■ What the task requires:
Exactly the lines from the one containing "Yumi x Fake ID (TikTok Mashup)" through the end of the listing below are required, restated word for word and without pictures.

■ Excerpted records:

+===+

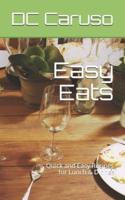 Easy Eats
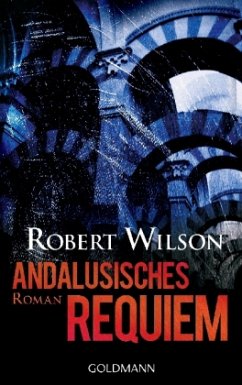 Andalusisches Requiem - Wilson, Robert
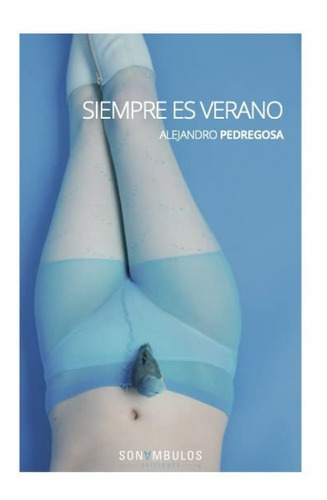 Libro Siempre Es Verano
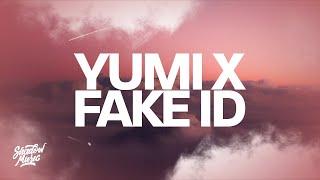 Yumi x Fake ID (TikTok Mashup)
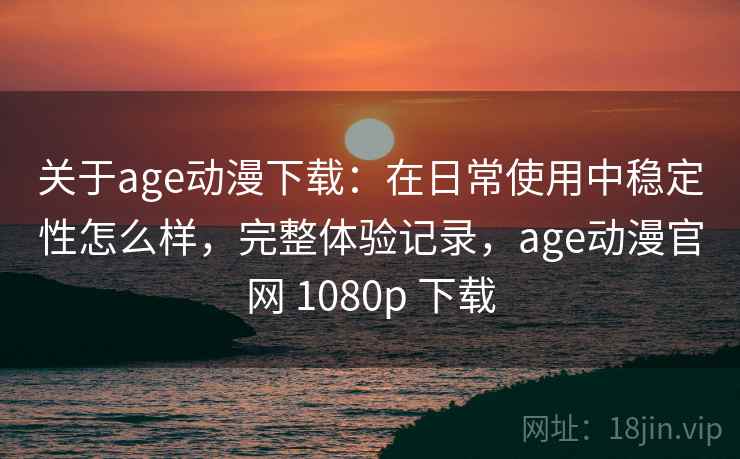 关于age动漫下载:在日常使用中稳定性怎么样,完整体验记录,age动漫官网 1080p 下载 关于age动漫下载:在日常使用中稳定性怎么样,完整体验记录,age动漫官网 1080p 下载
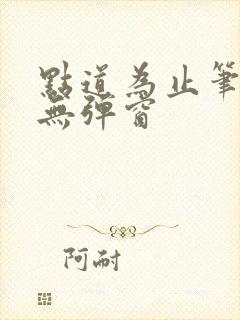 点道为止笔趣阁无弹窗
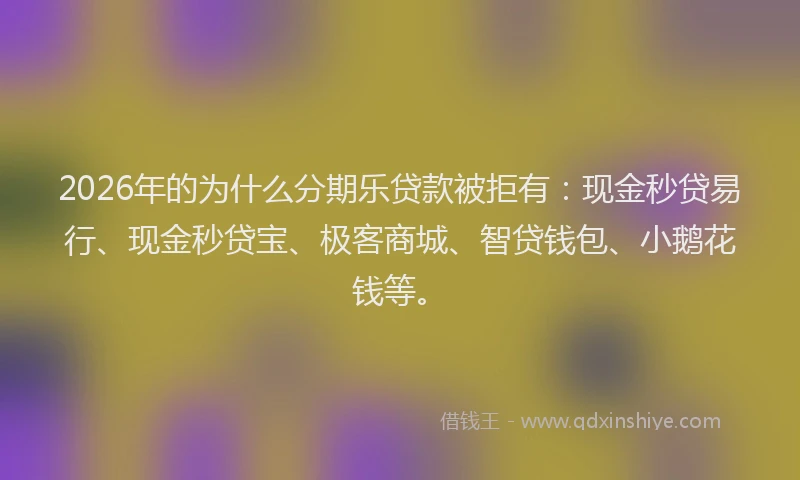 2026年的为什么分期乐贷款被拒有：现金秒贷易行、现金秒贷宝、极客商城、智贷钱包、小鹅花钱等。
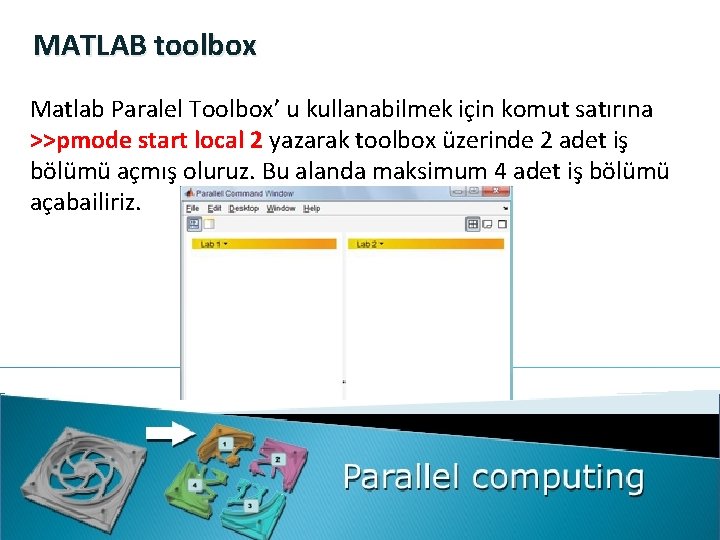 MATLAB toolbox Matlab Paralel Toolbox’ u kullanabilmek için komut satırına >>pmode start local 2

+===+

■ Answer box:
 Yumi x Fake ID (TikTok Mashup)
 关于age动漫下载:在日常使用中稳定性怎么样,完整体验记录,age动漫官网 1080p 下载 关于age动漫下载:在日常使用中稳定性怎么样,完整体验记录,age动漫官网 1080p 下载
 点道为止笔趣阁无弹窗
 2026年的为什么分期乐贷款被拒有：现金秒贷易行、现金秒贷宝、极客商城、智贷钱包、小鹅花钱等。
 MATLAB toolbox Matlab Paralel Toolbox’ u kullanabilmek için komut satırına >>pmode start local 2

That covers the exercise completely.